→ TASK OBJECTIVE:
The copy you give must match the records exactly, except that it holds no images.

Dataset items:
-- Opening Marker --

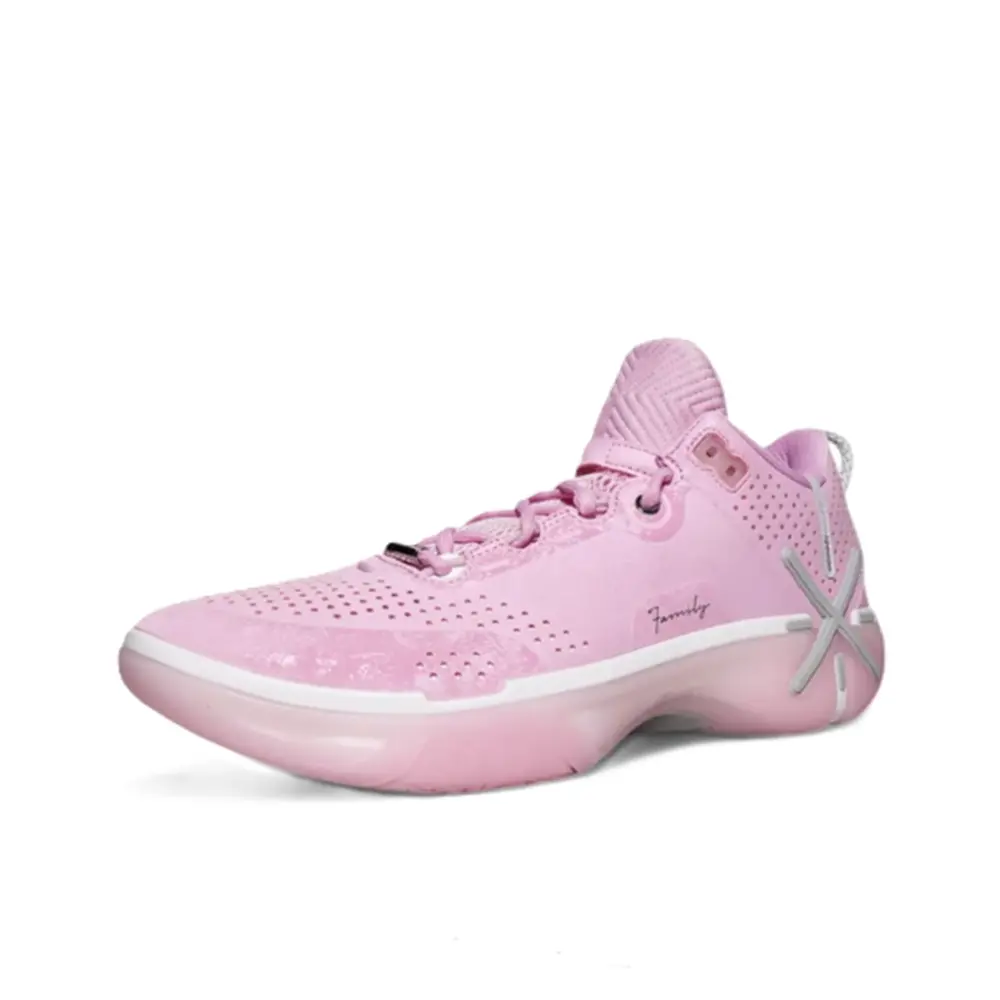 Alternative view of Giày Li-Ning Way Of Wade Shadow 6 ‘Miami Night’ ABPU029-8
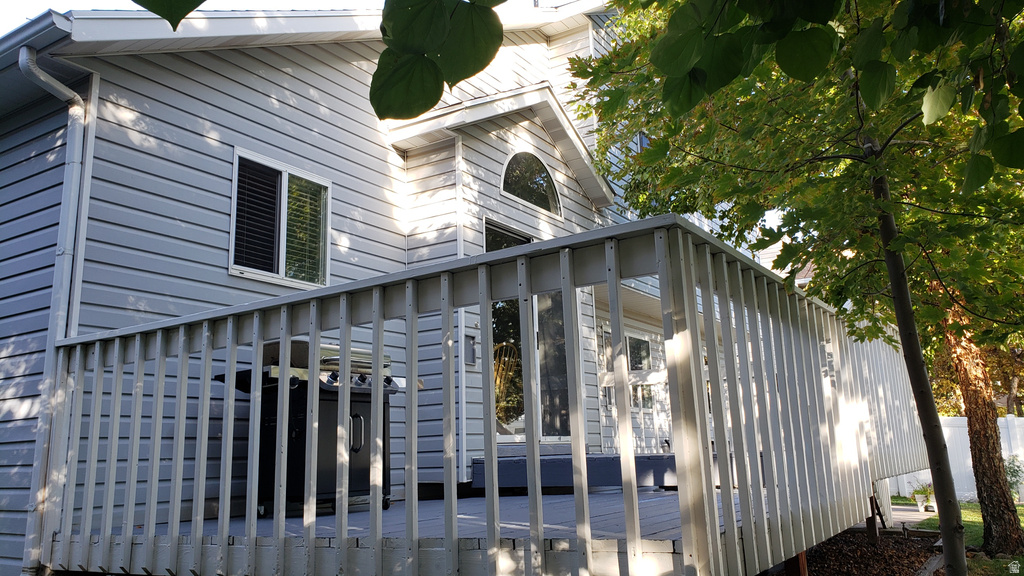 1712 E 2800 N Layton, UT 84040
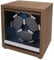 Olvy Uhrenbeweger für 3 Uhren, Watchwinder Extrem Leisem Motor, Flexiblem Uhrenkissen, Watch Winder Holz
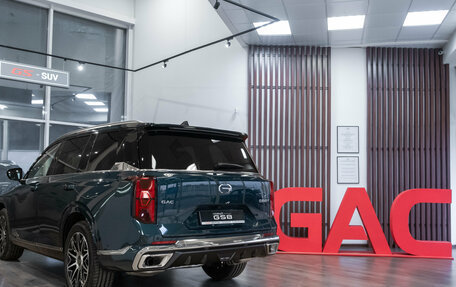 GAC GS8, 2025 год, 4 799 000 рублей, 2 фотография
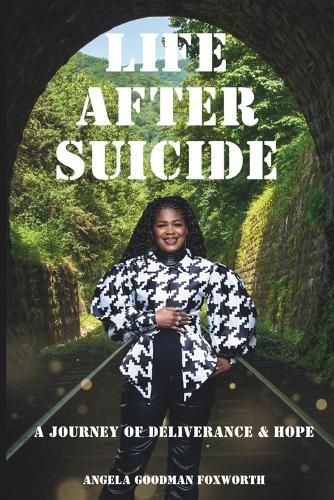 Cover image for Life After Suicide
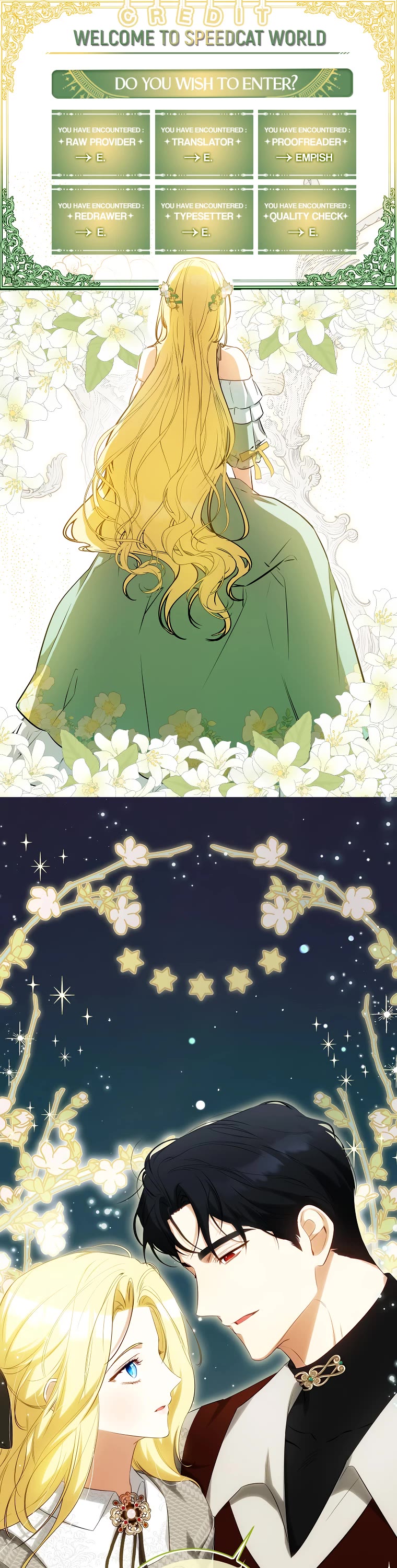 It Seems I've Transmigrated Somewhere Chapter 52 page 1 - Chapter 52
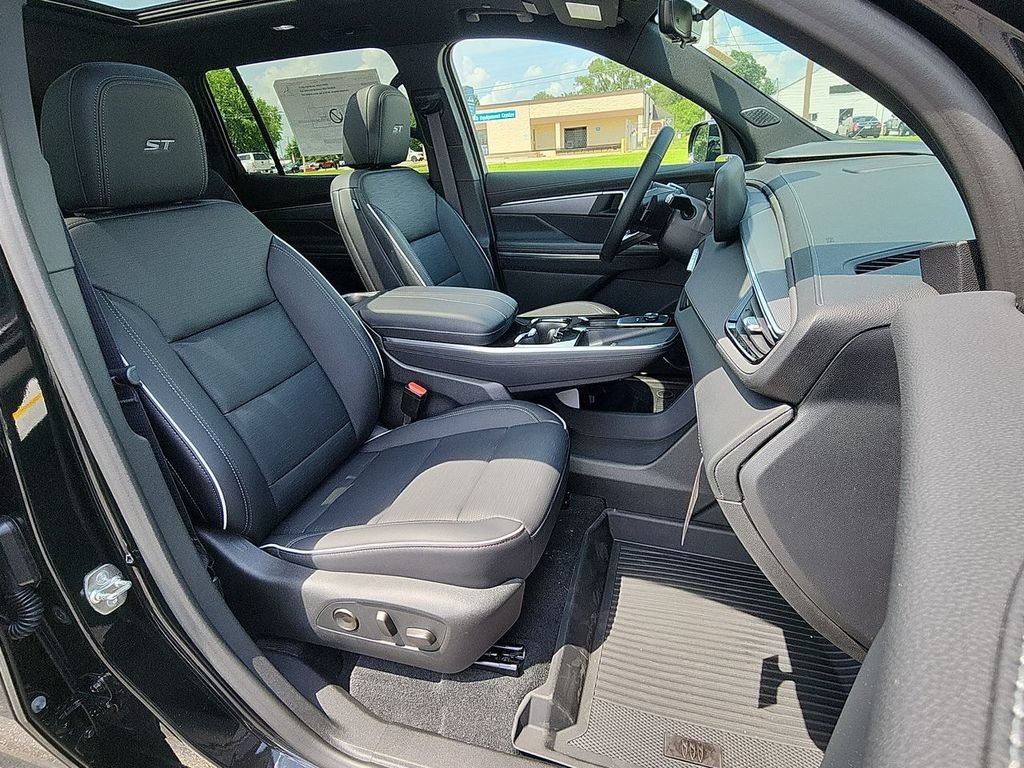 2026 Buick Enclave Sport Touring - Photo 25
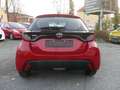 Toyota Yaris Comfort*Klima*1.Hand*Nr.27 Rojo - thumbnail 6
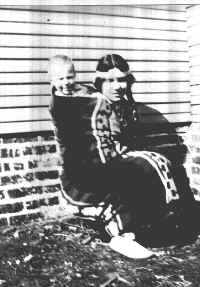 Unidentified Photograph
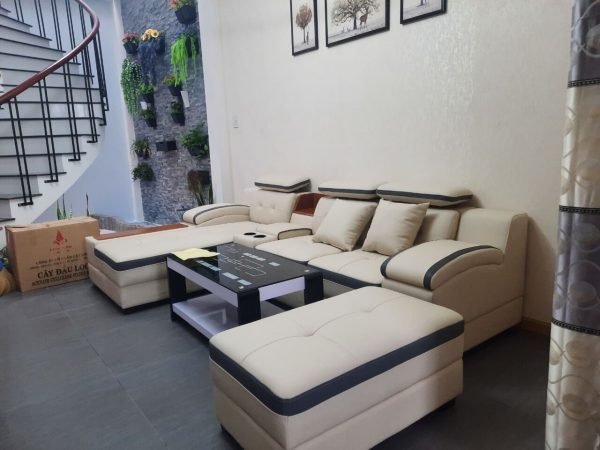 Bàn ghế sofa phòng khách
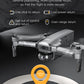 F22 S2 XR PRO+ 4K GPS Drone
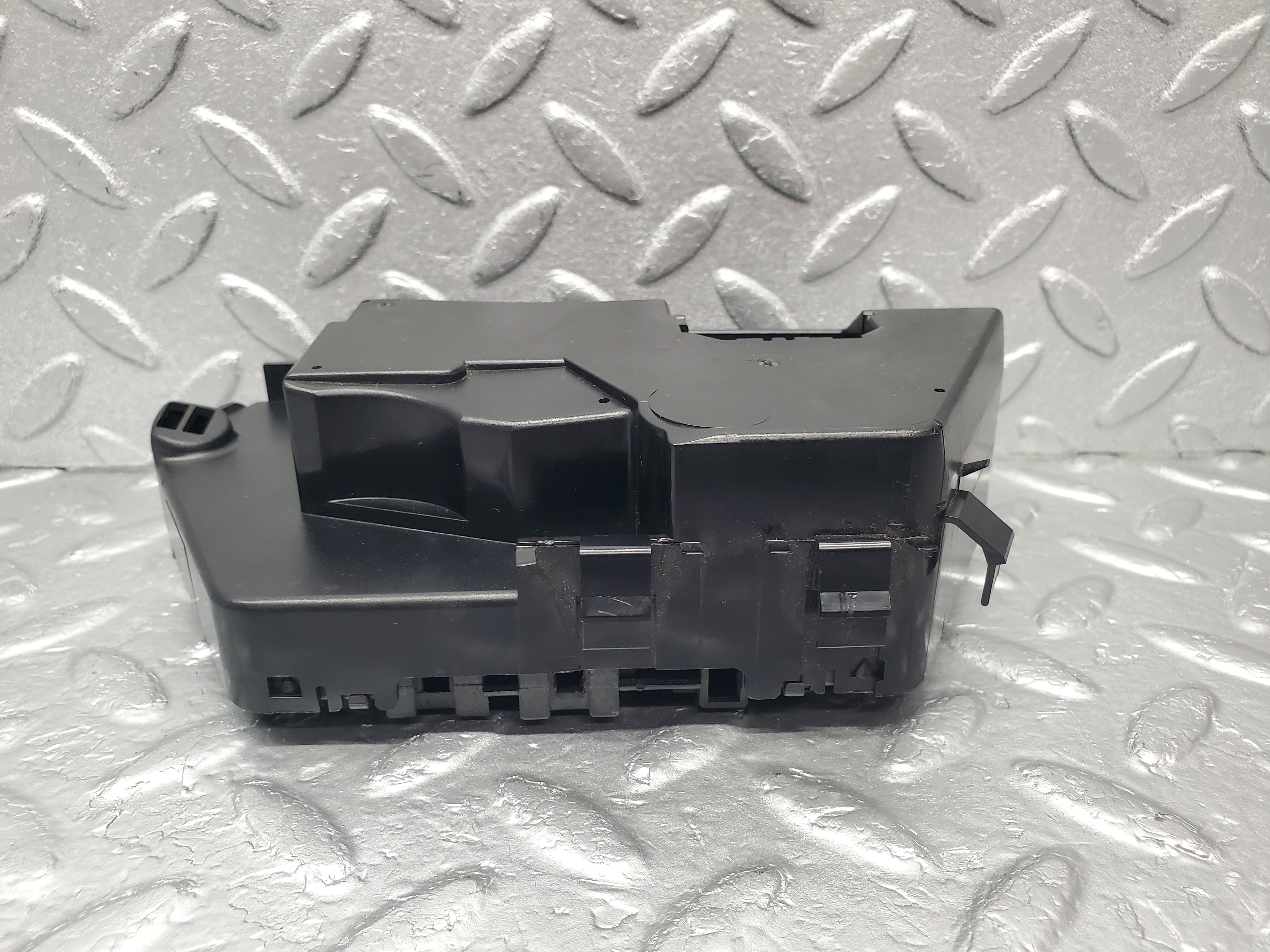 1538 Mercedes-Benz W220 S430 Door Control Panel Rear Left 2208211558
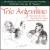 Piazzolla: Las Cuatro Estaciones Porteñas; Dvorak: Trío Op. 90 "Dumky" von Trio Argentino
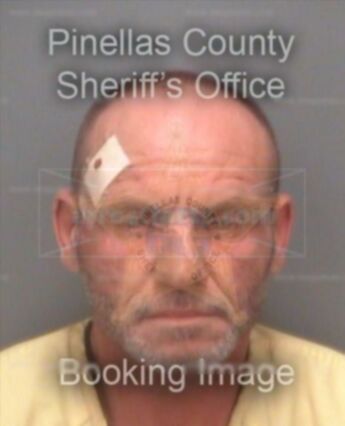 Tommy Lee Hampton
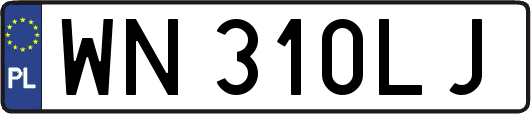 WN310LJ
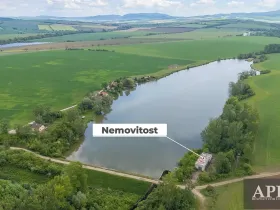 Prodej ubytování, Hluk, 192 m2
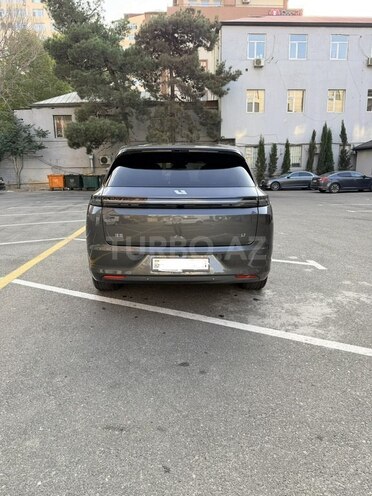 Li Auto L7 2024, 40,000 km - 1.5 l - Bakı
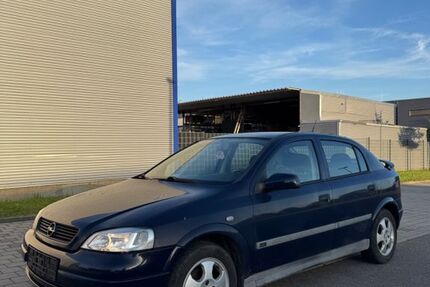 Opel Astra 145.000 km 1.969 &euro; Schönaich 71101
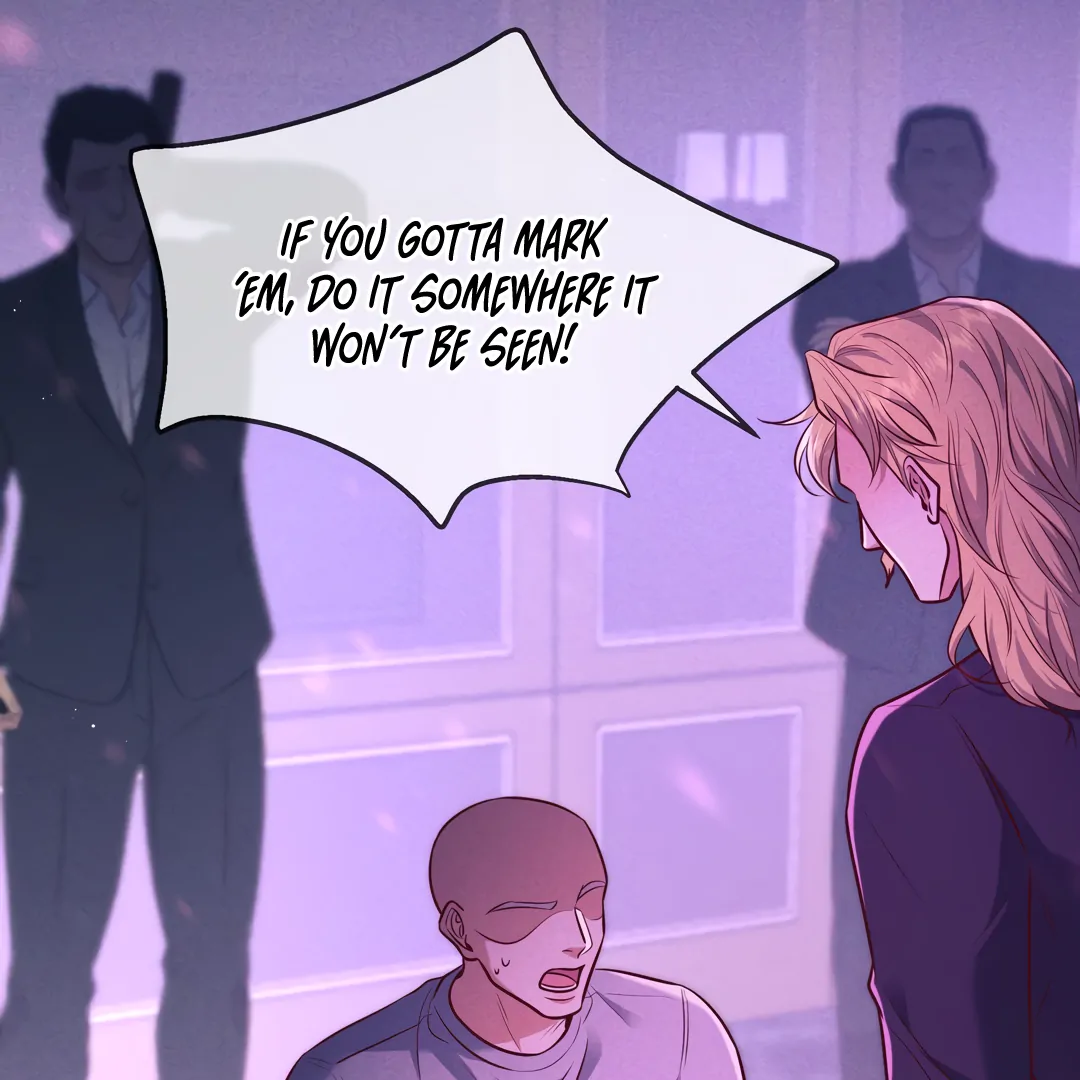 Kill My Love [Team Hazama] - Chapter 46 manhwa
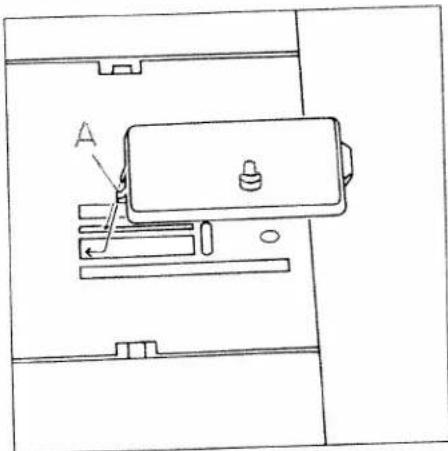 PFAFF tipmatic 6110 - Quilting - 1
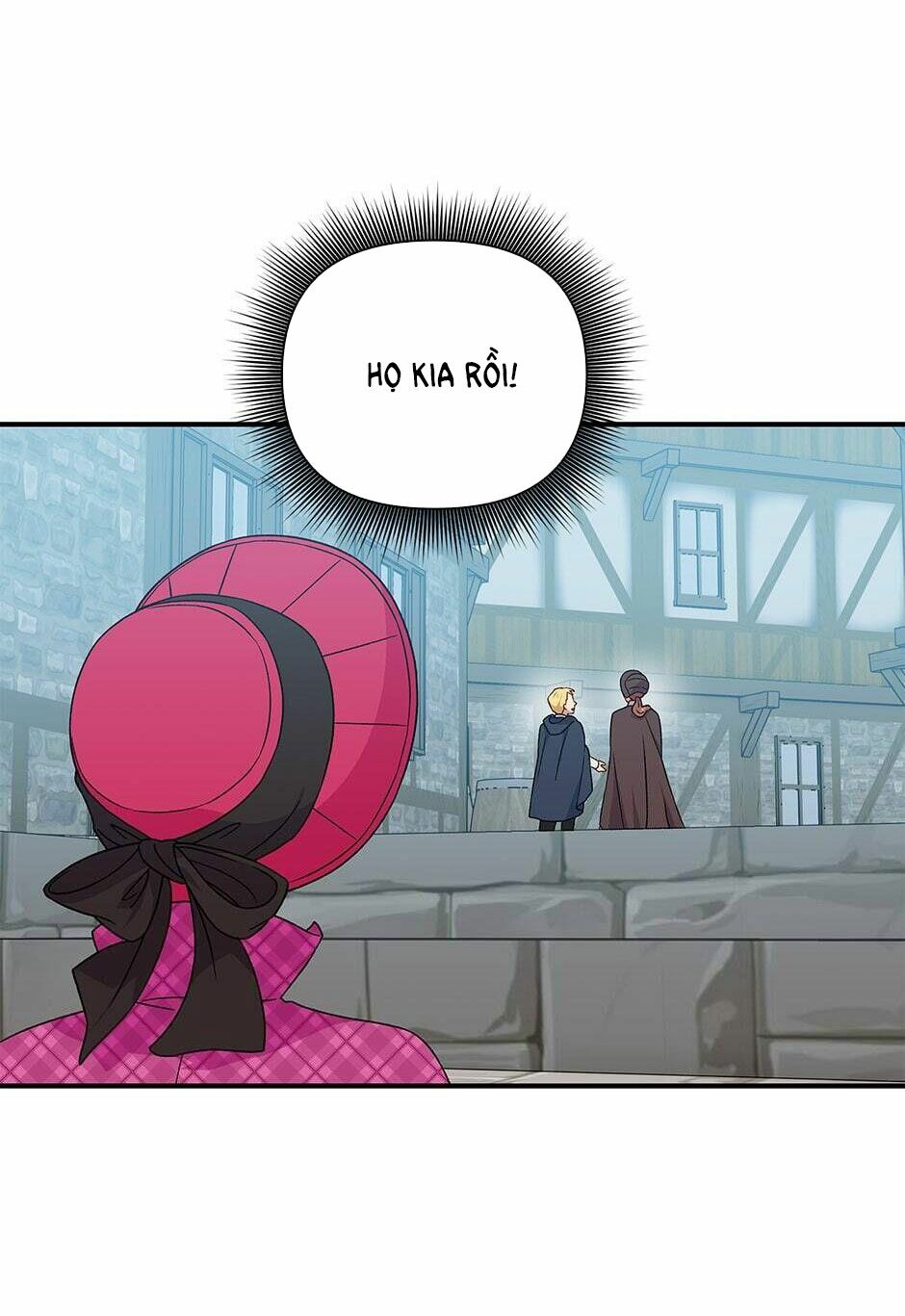 Khế ước của nữ công tước quái vật: Chapter 94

-- Closing Marker --

→ RESULT OF THE TASK:
 Alternative view of Giày Li-Ning Way Of Wade Shadow 6 ‘Miami Night’ ABPU029-8
 1712 E 2800 N Layton, UT 84040
 Olvy Uhrenbeweger für 3 Uhren, Watchwinder Extrem Leisem Motor, Flexiblem Uhrenkissen, Watch Winder Holz
 GAC GS8, 2025 год, 4 799 000 рублей, 2 фотография
 Cover image for Life After Suicide
 It Seems I've Transmigrated Somewhere Chapter 52 page 1 - Chapter 52
 2026 Buick Enclave Sport Touring - Photo 25
 Toyota Yaris Comfort*Klima*1.Hand*Nr.27 Rojo - thumbnail 6
 Unidentified Photograph
 Bàn ghế sofa phòng khách
 F22 S2 XR PRO+ 4K GPS Drone
 1538 Mercedes-Benz W220 S430 Door Control Panel Rear Left 2208211558
 Piazzolla: Las Cuatro Estaciones Porteñas; Dvorak: Trío Op. 90 "Dumky" von Trio Argentino
 Tommy Lee Hampton
 WN310LJ
 Prodej ubytování, Hluk, 192 m2
 Li Auto L7 2024, 40,000 km - 1.5 l - Bakı
 Opel Astra 145.000 km 1.969 &euro; Schönaich 71101
 Kill My Love [Team Hazama] - Chapter 46 manhwa
 PFAFF tipmatic 6110 - Quilting - 1
 Khế ước của nữ công tước quái vật: Chapter 94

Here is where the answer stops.